Scaling the AI Data Center: Silicon Photonics as the Industrial Foundation for Next-Gen Optics
In the world of optical transceivers, a common question is: “Which is better—electro-absorption modulated laser (EML) or silicon photonics?” It is a useful question for understanding where high-speed optical networking is heading. The short answer is that both technologies have played important roles in the evolution of high-speed optics. AOI has built products using each and was among the first companies to bring EML technology to market. Today, however, much of AOI’s roadmap—from 400G to 800G to 1.6T—is centered on silicon photonics. Not because it is trendy, but because it provides a stronger foundation for scaling and automation.
What is EML Technology?
EML technology combines a laser and a modulator into a single device. This architecture allows high-speed optical signals to be generated within a compact component. Its integrated structure simplified early product development and helped accelerate the introduction of faster optical modules.

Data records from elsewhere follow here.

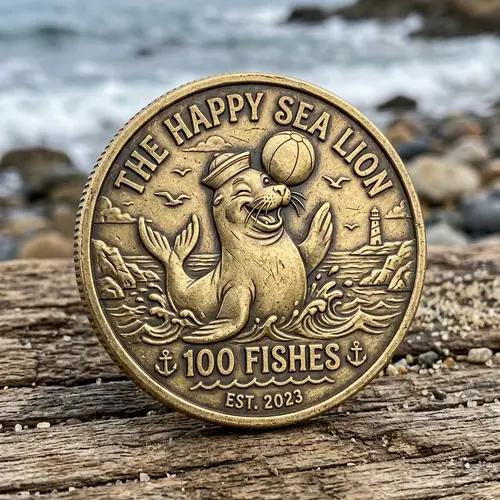Funny Sea Lion Coin Image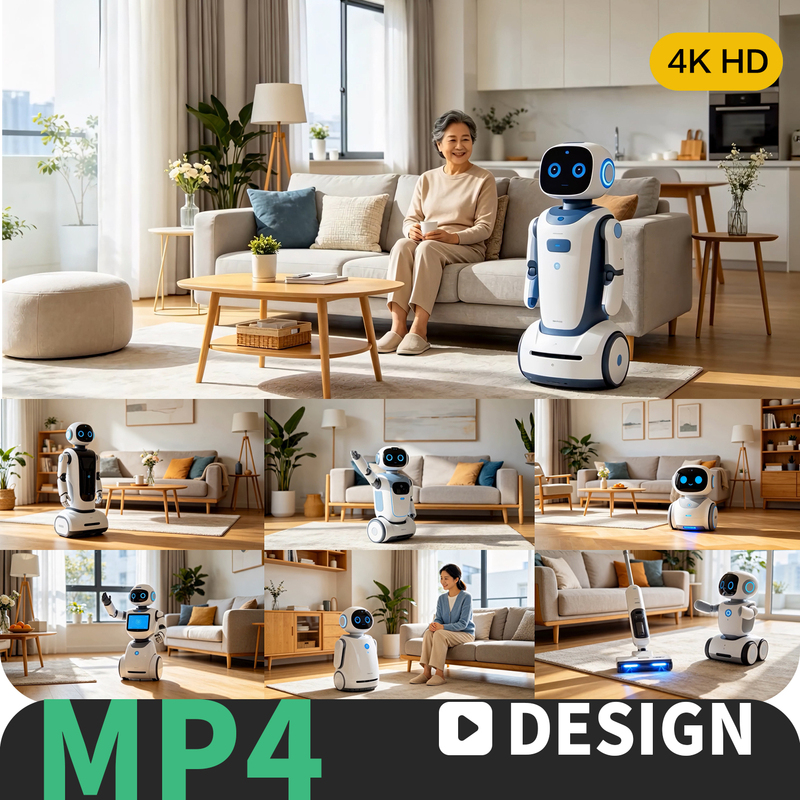 Intelligent Home Service Robot, Life Assistant, Modern Home Robot, Elderly Care Video Material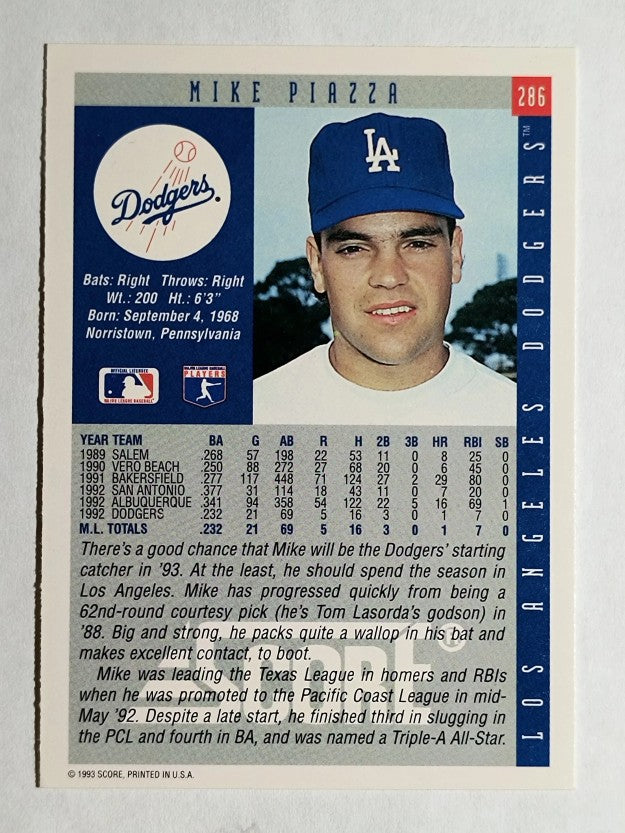 1993 Score #286 Mike Piazza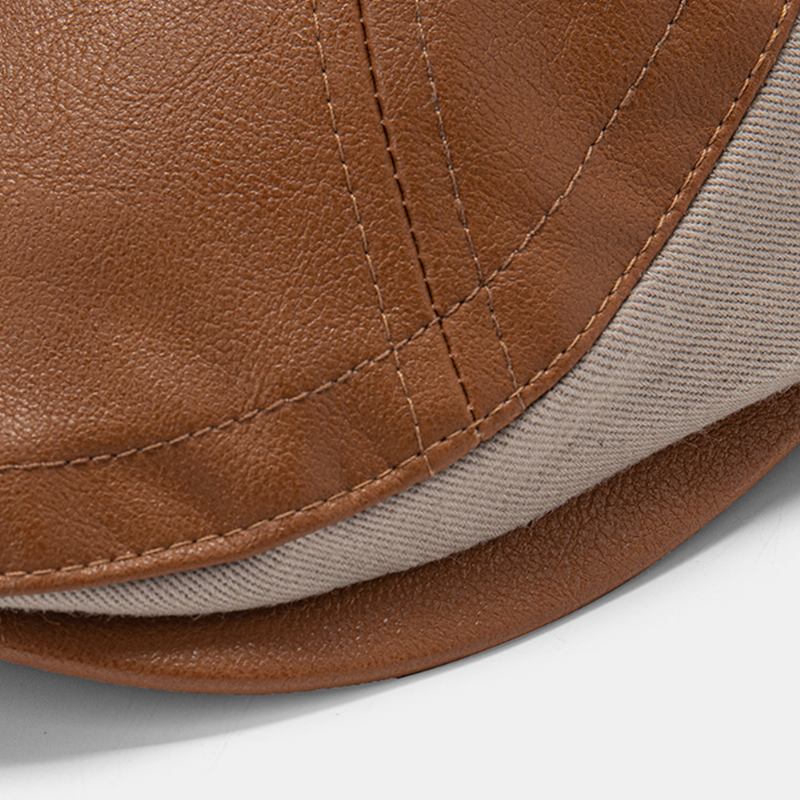 Män Lädersömmar Enfärgad Baskermössa Justerbar Utomhussolskydd Flat Cap Ivy Cap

EML technology continues to be the "gold standard" for specific applications, particularly long-reach (LR4/ER4) requirements exceeding 10km. Because of its superior "chirp" and dispersion characteristics, EML remains a strong fit where established architectures or specialized long-distance system requirements are the priority.
What is Silicon Photonics?
Silicon photonics uses silicon and CMOS-style manufacturing processes to build optical components on a chip. A continuous-wave laser feeds the photonic integrated circuit (PIC), which performs modulation, routing, and other optical functions. This design enables a highly integrated optical platform. Because silicon photonics leverages semiconductor manufacturing techniques, it is well suited to support the growing scale of cloud data centers, AI infrastructure, and high-bandwidth networking environments.
Silicon Photonics and the Future of High-Speed Optics
As networking speeds advance from 400G to 800G and eventually 1.6T optical transceivers, scalability becomes increasingly important. Silicon photonics enables multiple product generations to be built on a shared platform, allowing core design elements and manufacturing processes to evolve more efficiently over time. This platform continuity helps streamline the development of new optical modules while supporting more predictable product roadmaps. For hyperscale data centers and network operators, this consistency can simplify infrastructure planning as network speeds continue to increase.
From a performance standpoint, while silicon photonic modulators may have different insertion loss profiles compared to EML, they are the primary enablers for next-generation, low-power architectures. This design flexibility allows for the reduction of overall system power consumption (W/bit) by streamlining the optical path and reducing the reliance on power-intensive signal processing components—a critical requirement for the energy-demanding environments of modern AI data centers.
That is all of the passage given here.